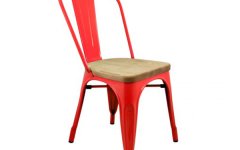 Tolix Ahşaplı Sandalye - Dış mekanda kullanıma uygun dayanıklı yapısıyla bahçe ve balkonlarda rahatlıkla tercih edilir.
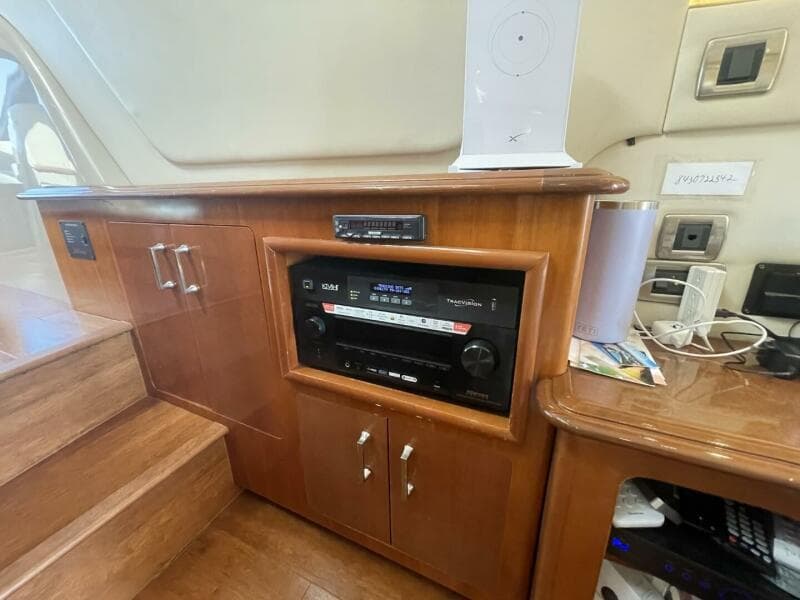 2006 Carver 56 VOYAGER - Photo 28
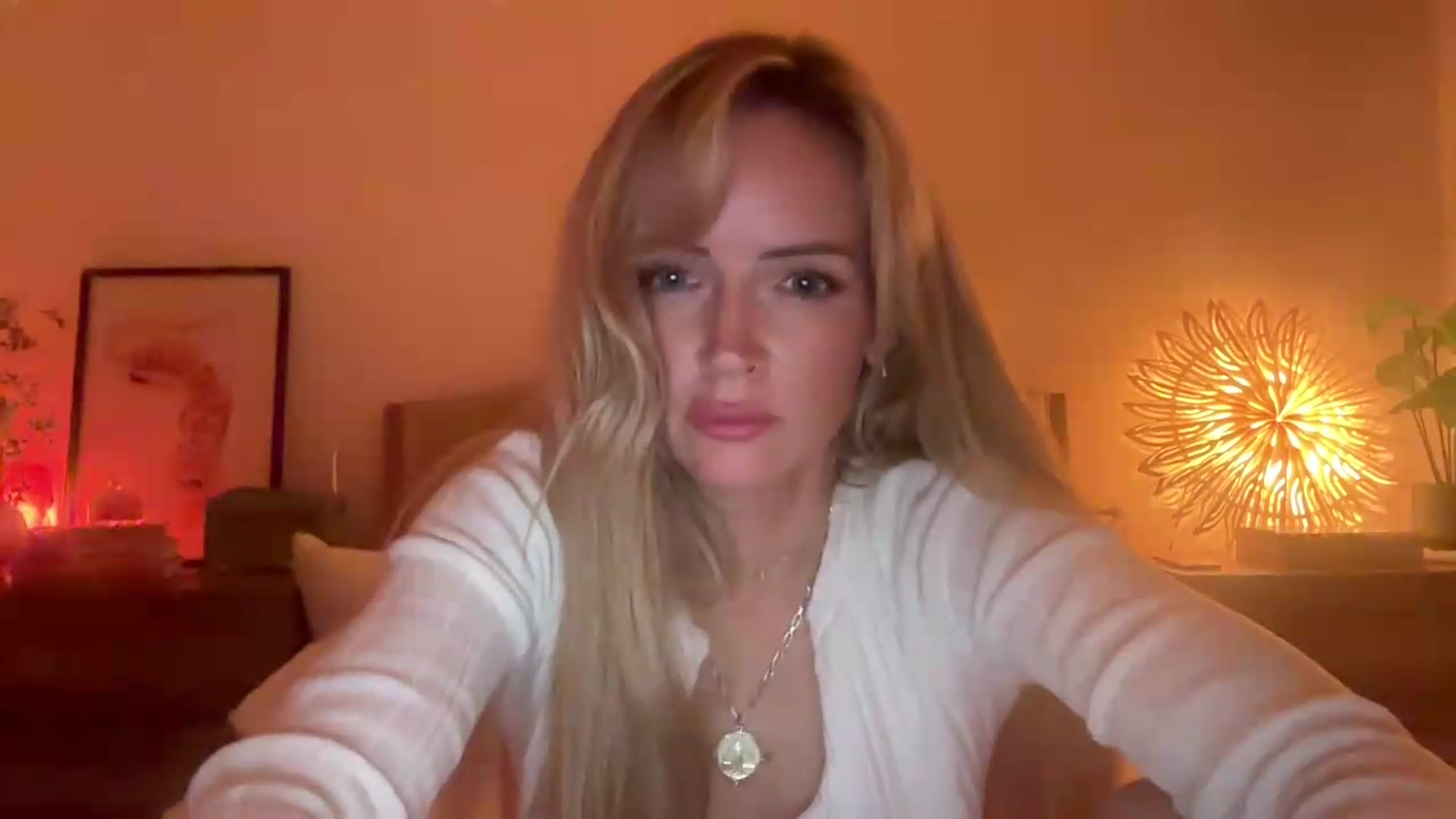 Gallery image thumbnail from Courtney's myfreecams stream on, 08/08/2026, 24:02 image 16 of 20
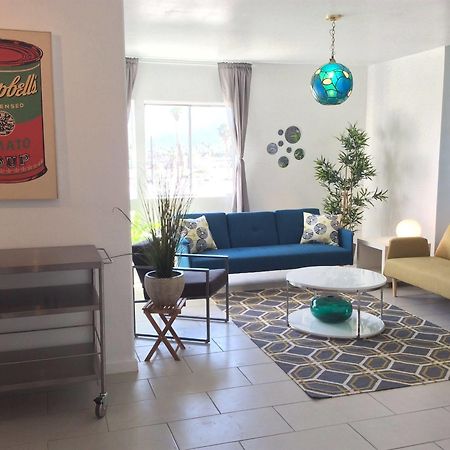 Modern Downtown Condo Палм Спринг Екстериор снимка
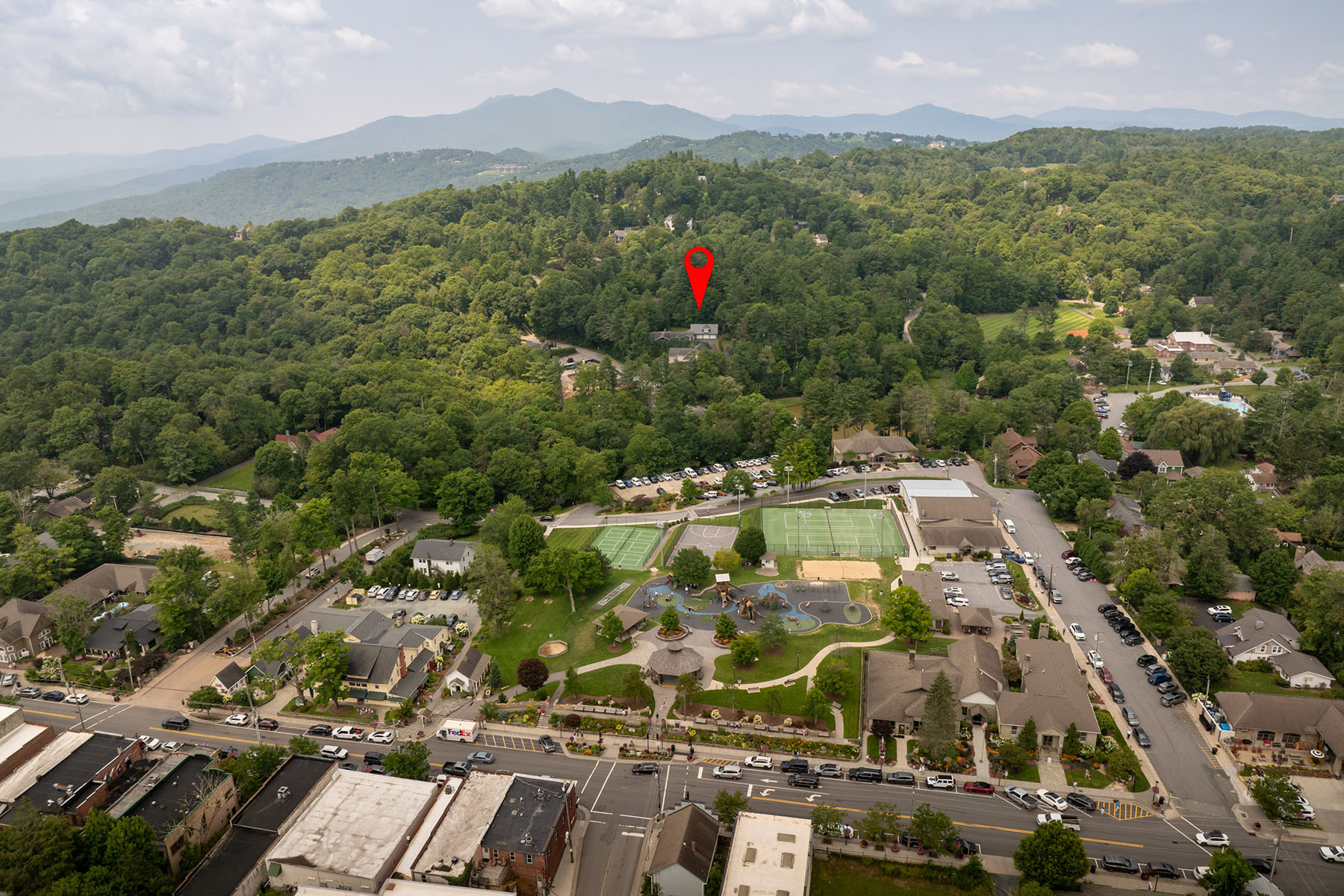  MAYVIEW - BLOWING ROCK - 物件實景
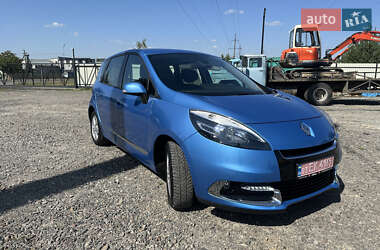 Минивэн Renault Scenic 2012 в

--- --- ---

Task brief: Could every entry be restated word for word, pictures excluded?

Finished exercise:
 Tolix Ahşaplı Sandalye - Dış mekanda kullanıma uygun dayanıklı yapısıyla bahçe ve balkonlarda rahatlıkla tercih edilir.
 2006 Carver 56 VOYAGER - Photo 28
 Gallery image thumbnail from Courtney's myfreecams stream on, 08/08/2026, 24:02 image 16 of 20
 Modern Downtown Condo Палм Спринг Екстериор снимка
  MAYVIEW - BLOWING ROCK - 物件實景
 Минивэн Renault Scenic 2012 в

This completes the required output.